Increasingly fast development cycles and individualized products pose major challenges for today's smart
production systems in times of industry 4.0. The systems must be flexible and continuously adapt to changing
conditions while still guaranteeing high throughputs and robustness against external disruptions. Deep reinforcement learning (RL) algorithms, which already reached impressive success with Google DeepMind's
AlphaGo, are increasingly transferred to production systems to meet related requirements. Unlike supervised
and unsupervised machine learning techniques, deep RL algorithms learn based on recently collected sensorand process-data in direct interaction with the environment and are able to perform decisions in real-time.
As such, deep RL algorithms seem promising given their potential to provide decision support in complex
environments, as production systems, and simultaneously adapt to changing circumstances.
While different use-cases for deep RL emerged, a structured overview and integration of findings on their
application are missing.
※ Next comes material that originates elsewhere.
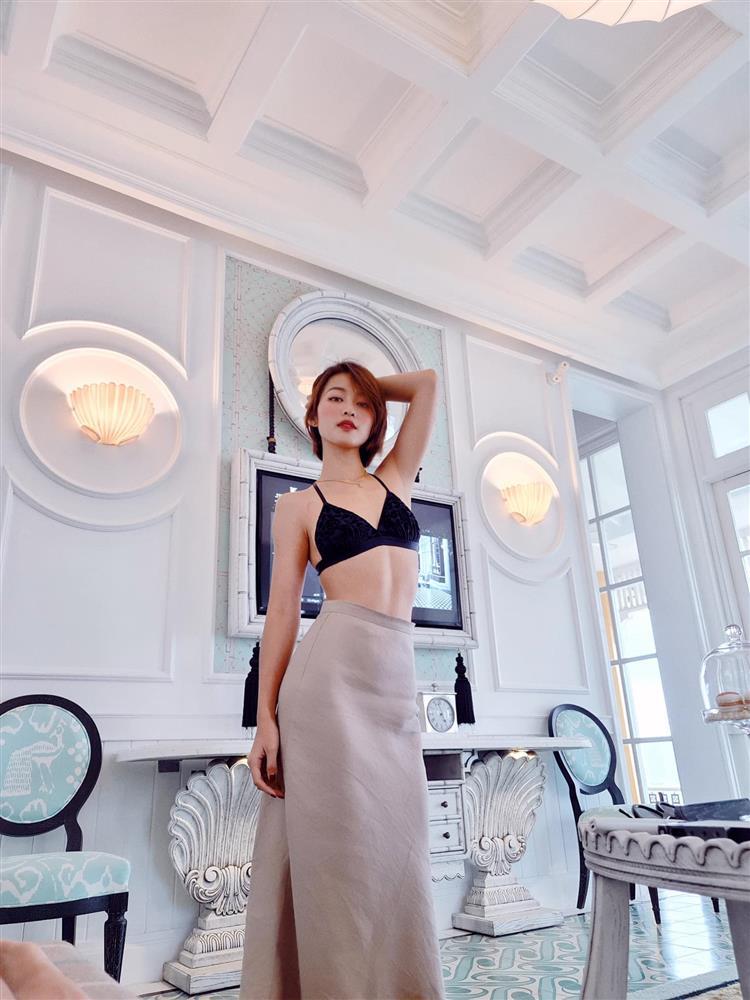 Bắt gặp bản sao Đặng Thu Thảo trên phố: Có xinh như lời đồn?-13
To address this gap, this contribution provides a systematic literature review of
existing deep RL applications in the field of production planning and control as well as production logistics.
From a performance perspective, it became evident that deep RL can beat heuristics significantly in their
overall performance and provides superior solutions to various industrial use-cases. Nevertheless, safety and
reliability concerns must be overcome before the widespread use of deep RL is possible which presumes
more intensive testing of deep RL in real world applications besides the already ongoing intensive simulations.
|